The church is institutionally sexist, of that there is no argument. It places a higher value on men and reserves all the roles that count for anything on men. Yes, Jesus’ twelve apostles were all men, but that’s missing the major role played by women in the gospels, who are often more receptive and prominent and mission than the twelve. The Acts of the Apostles and Paul’s letters also give us a glimpse of women in church leadership roles in the first century.

Church misogynists love to point out that a woman cannot be a priest because a priest must represent Jesus, who is a man. There are very, very strong theological arguments that we should be emphasizing Jesus’ total humanity rather than his maleness, as doing the latter would also suggest that women have no part in Jesus’ salvation: “that which he did not assume, he did not heal”. Yet, as well as moving towards misogynist heresy, there is also the problem that the church reflects a sexism not present in Jesus’ teaching and ministry. In the end, the greater distortion is brought by those who find the ordination of women repugnant.

The Church of England has had ‘synodical government’ for a few decades now. It is a kind of democracy. Of course, it’s not a very good democracy, partly because it’s bolted onto the Russian-doll structure of our territorial fiefdoms, ruled by monarch, bishop and parish priest. I’m sure we could invent better ways of doing democracy in the church, but we’re always hampered by the extremes of evangelical theocracy and Anglo-Catholic episcopal discipline. And to cast our nascent attempts at democracy as mob-rule or majoritarian are grossly unfair. Thoughtfulness and prayerfulness have been the norm, minorities have been given voice and room to live and thrive.

In fact, the so-called ‘traditionalists’ can only exist as they are because of the Church of England’s breadth. It is surprising to hear them say how cruelly they have been treated by the Church of England, when we’ve created enough ecclesiastical space for them never to have to see a woman in a collar, it’s just never enough. Their glee at the Pope’s offer of safe haven for them seems likely to be short lived once they study the small print: clergy submit to (re-)ordination, complete obedience to Rome, all liturgical novelties need prior approval (see clayboy’s article on this for the details). If there be a surge of exodus, which I doubt, I’m sure no one will comment much on the steady trickle back to the freedoms of Anglicanism.

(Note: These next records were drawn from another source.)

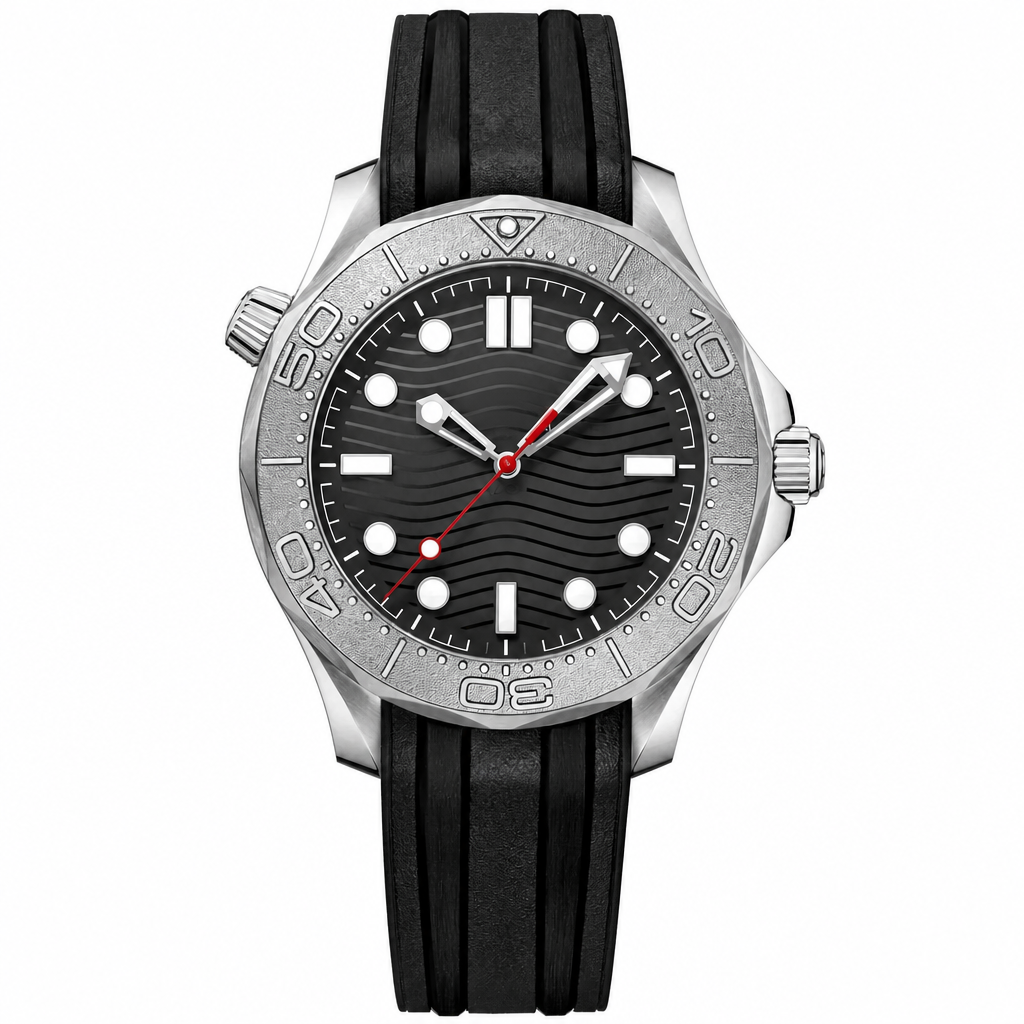 Diver style watch with black dial and black rubber strap, 42mm case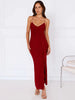 Elegant Spaghetti Strap Ruffle Lace-up Sleeveless Backless Split Bodycon Maxi Dress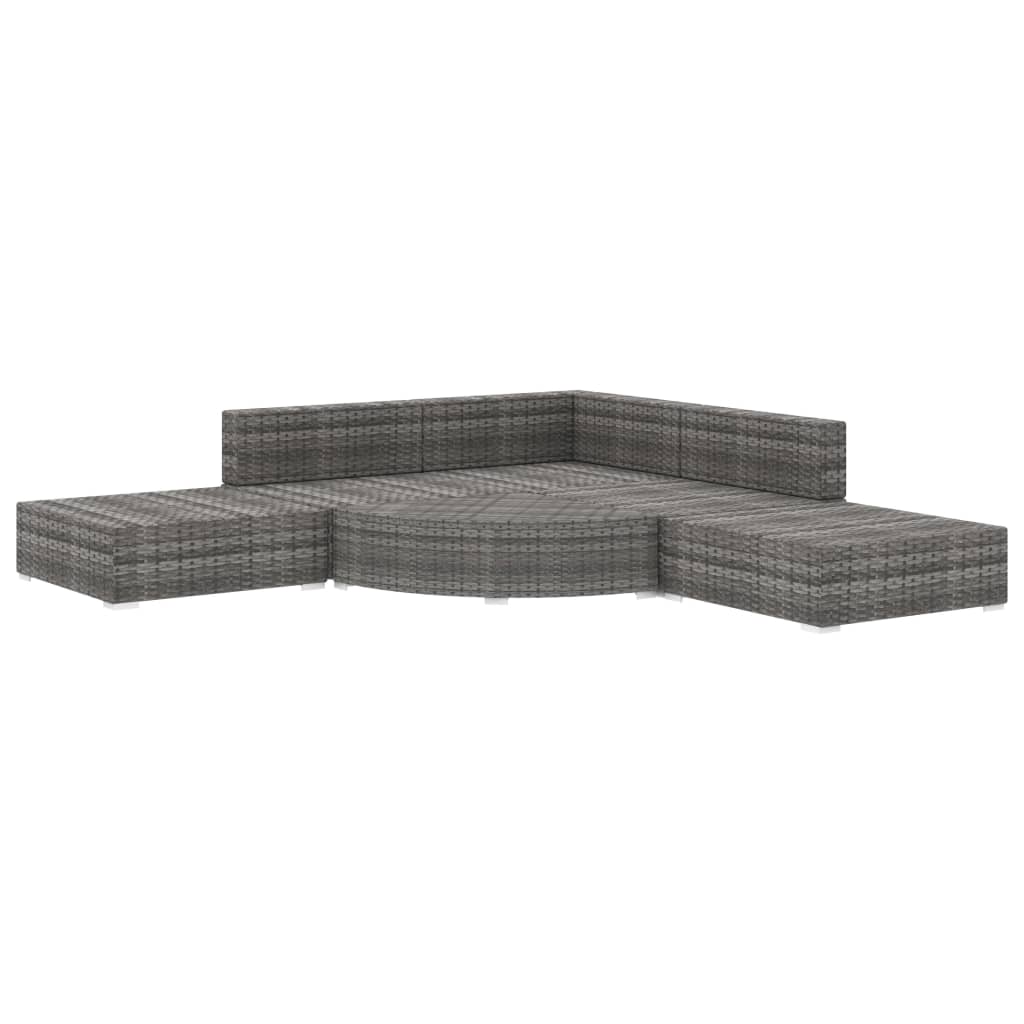 Set Divani Da Giardino 6 Pz Con Cuscini In Polyrattan Grigio VidaXL 14 width=274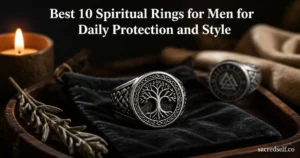 Cozy, photorealistic 16:9 image of a sterling silver Tree of Life ring as the hero product on a dark velvet pouch and wooden tray, with a blurred Norse-style ring nearby, candlelight and sage, and large white title at top: "Best 10 Spiritual Rings for Men for Daily Protection and Style", small white watermark "sacredself.co" in bottom right.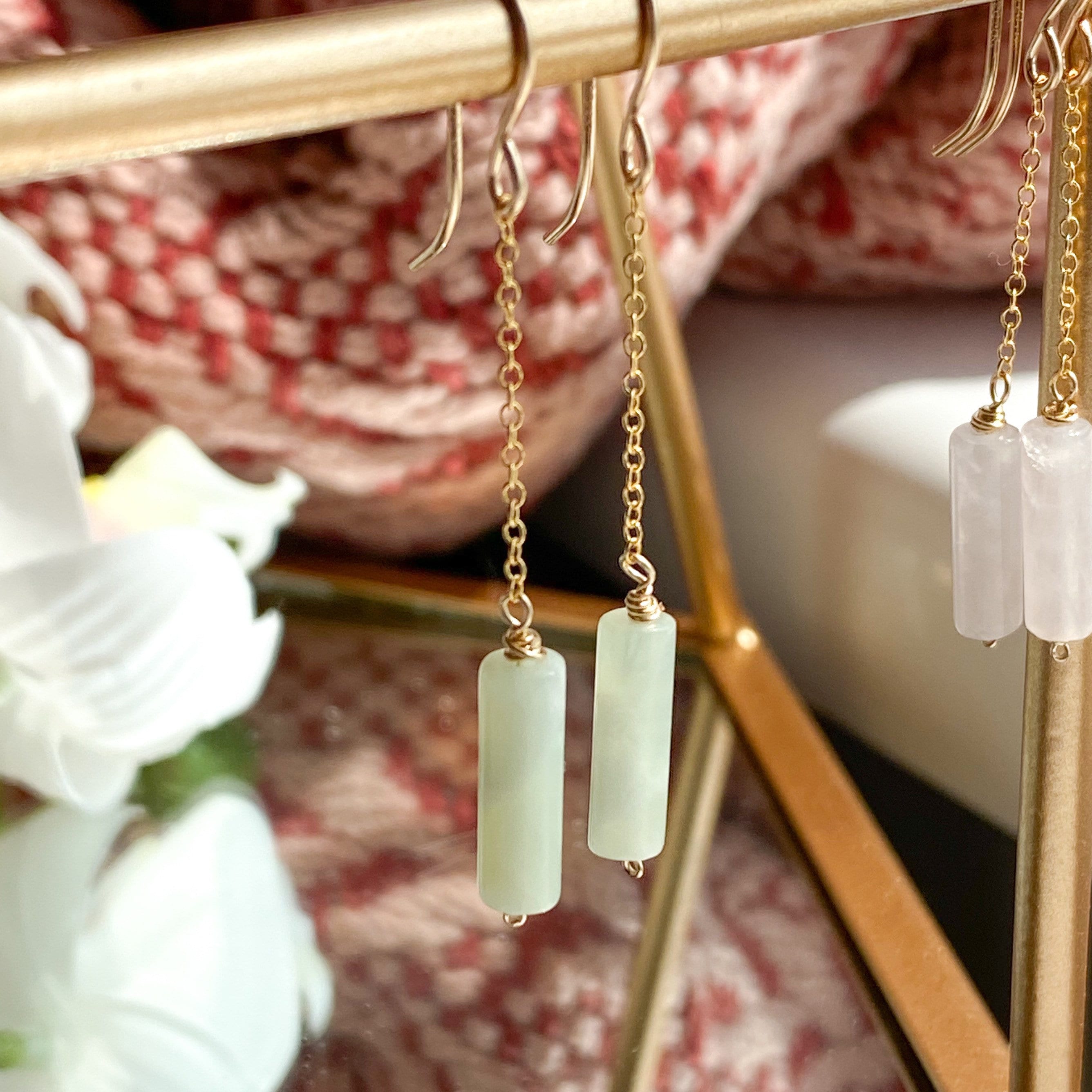 Pale Green Jade Dangle Chain Earrings, Sterling Silver 14K Gold Rose Gold Filled, Dainty Jade Column Tube Gemstone Chain Drop Hook Earrings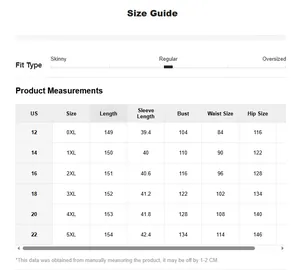 Detailed size guide table for plus size V-neck chiffon dress ranging from 0XL to 5XL
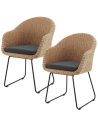 CODY 2 x Havestole i stål og rattan H82 cm - Sort/Natur/Mørkegrå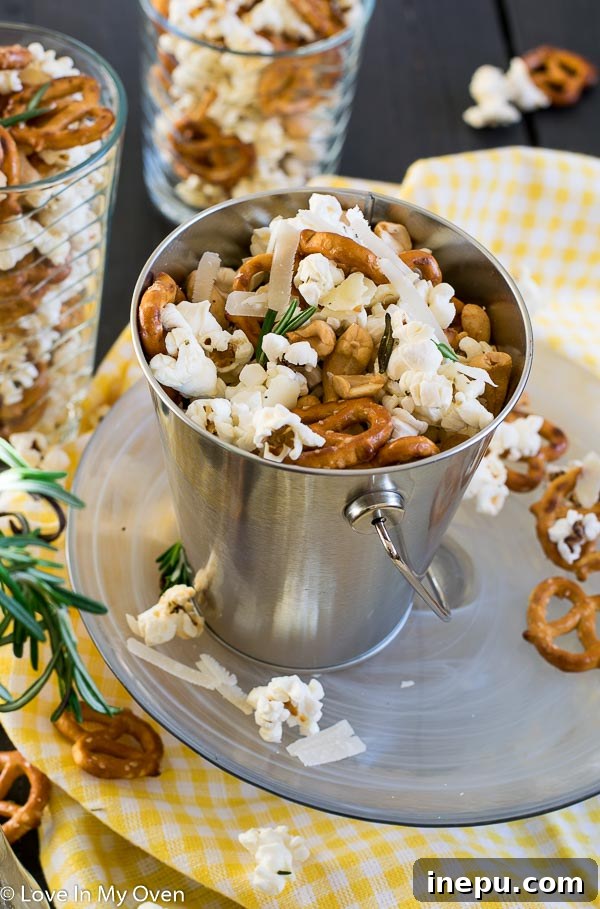 Close-up of Parmesan Rosemary Snack Mix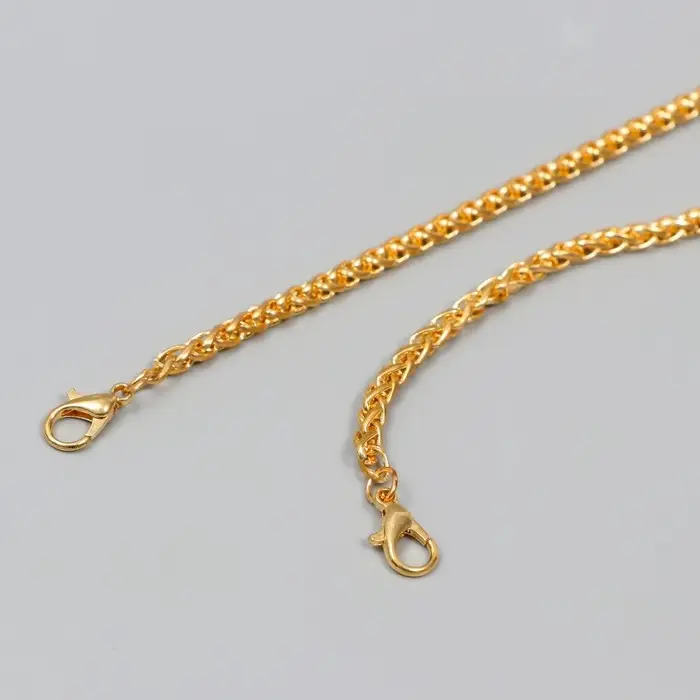 Цепочка с 2-мя карабинами толщина звена 0,1 см 0,4х60 см золото/серебро МИКС Цепочка с 2-мя карабинами толщина звена 0,1 см 0,4х60 см золото/серебро МИКС
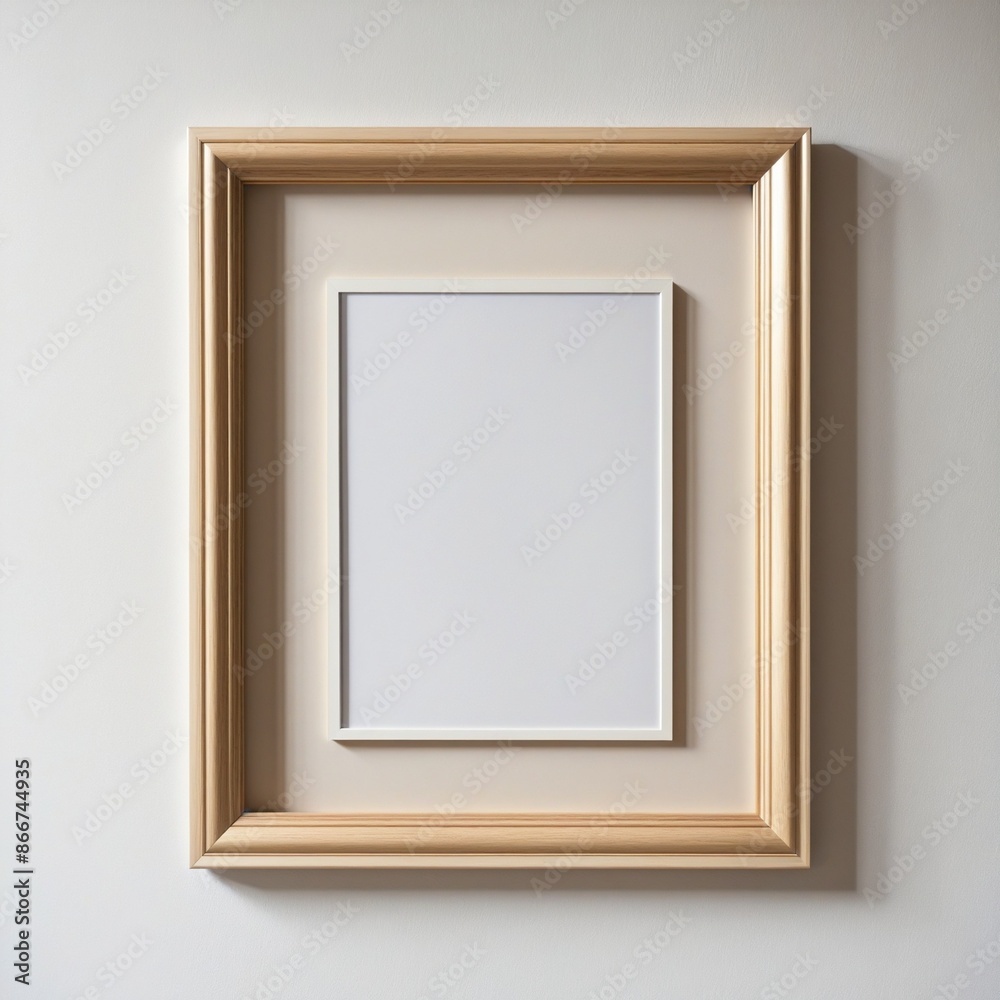 Minimalistic wooden frame mockup for modern interior design, isolated on a clean white wall Minimalistic wooden frame mockup for modern interior design, isolated on a clean white wall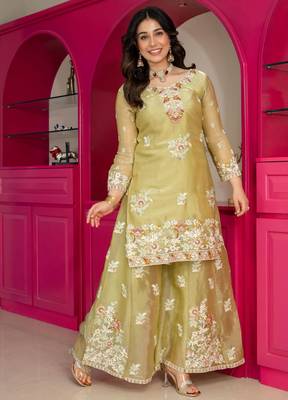 light parrot green silk blend palazzo set with floral embroidery
 2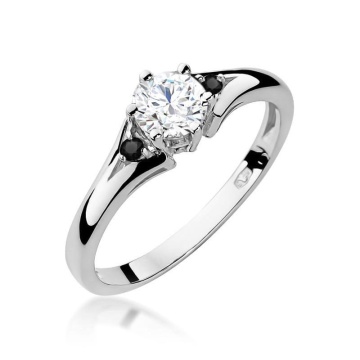 Inel Aur 14K cu White Sapphire 0.60 ct si Diamante Naturale Negre 0.03 ct - Img 4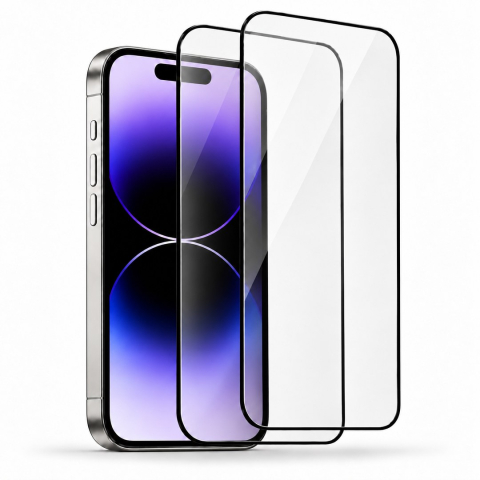 Folii Iphone - Set 2 Folii de Sticla Securizata Transparente pentru iPhone 14 Pro cu Kit Montare Inclus - Adeziv pe toata suprafata - ZetGSM
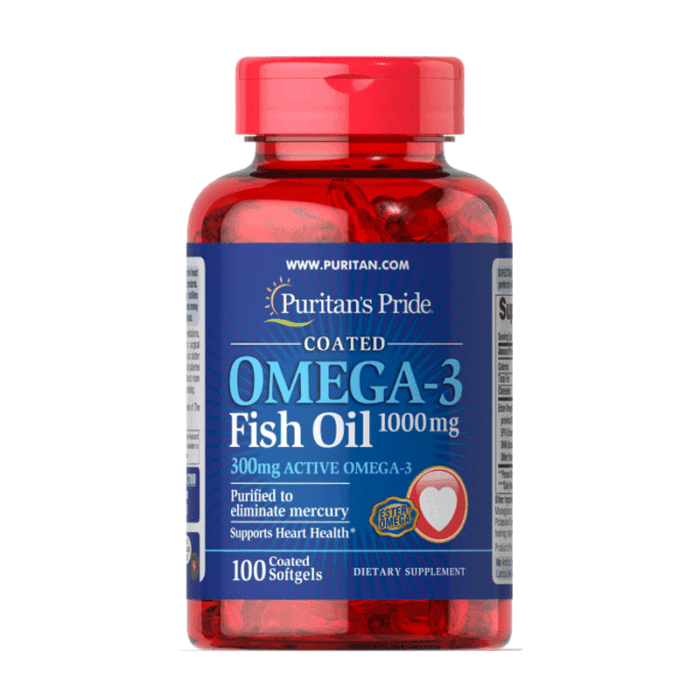 Puritan’s Pride Omega-3 Fish Oil 1000mg 100 Softgels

Yet, we are still beholden to shipjumpers, unable to enact our own prayed, reasoned, argued and approved ecclesiology, but hemmed into some gerrymandered future with a hierarchy of flying bishops and women made even more second-class disciples in the Body of Christ.

We have lost our ability to be prophetic. Pope Benedict cannot do prophetic, unlike his predecessor. Archbishop Rowan’s talent for the prophetic is sorely diminished. For to be prophetic, one need not only to hold onto the eternal truths of the faith, but to engage fully with the human condition. A church that practises sexism, places itself beneath contempt in our society, and thus cannot to speak to this society of its ills with any authority.

2 thoughts on “Seventeen years of women in the priesthood

  1. Matthew Baker

    ‘The church is institutionally sexist….and reserves all the roles that count for anything on (sic) men.’

    What is it that makes you think that sacramental authority is the only role that counts in the Church? This is an extraordinary statement and reveals a fundamentally flawed idea of ministry in Christ’s body and bride. Some of the greatest and most important saints have not been ordained, and (shock, horror!) the many women amongst them didn’t need ordination to become personally holy or to influence the church at large.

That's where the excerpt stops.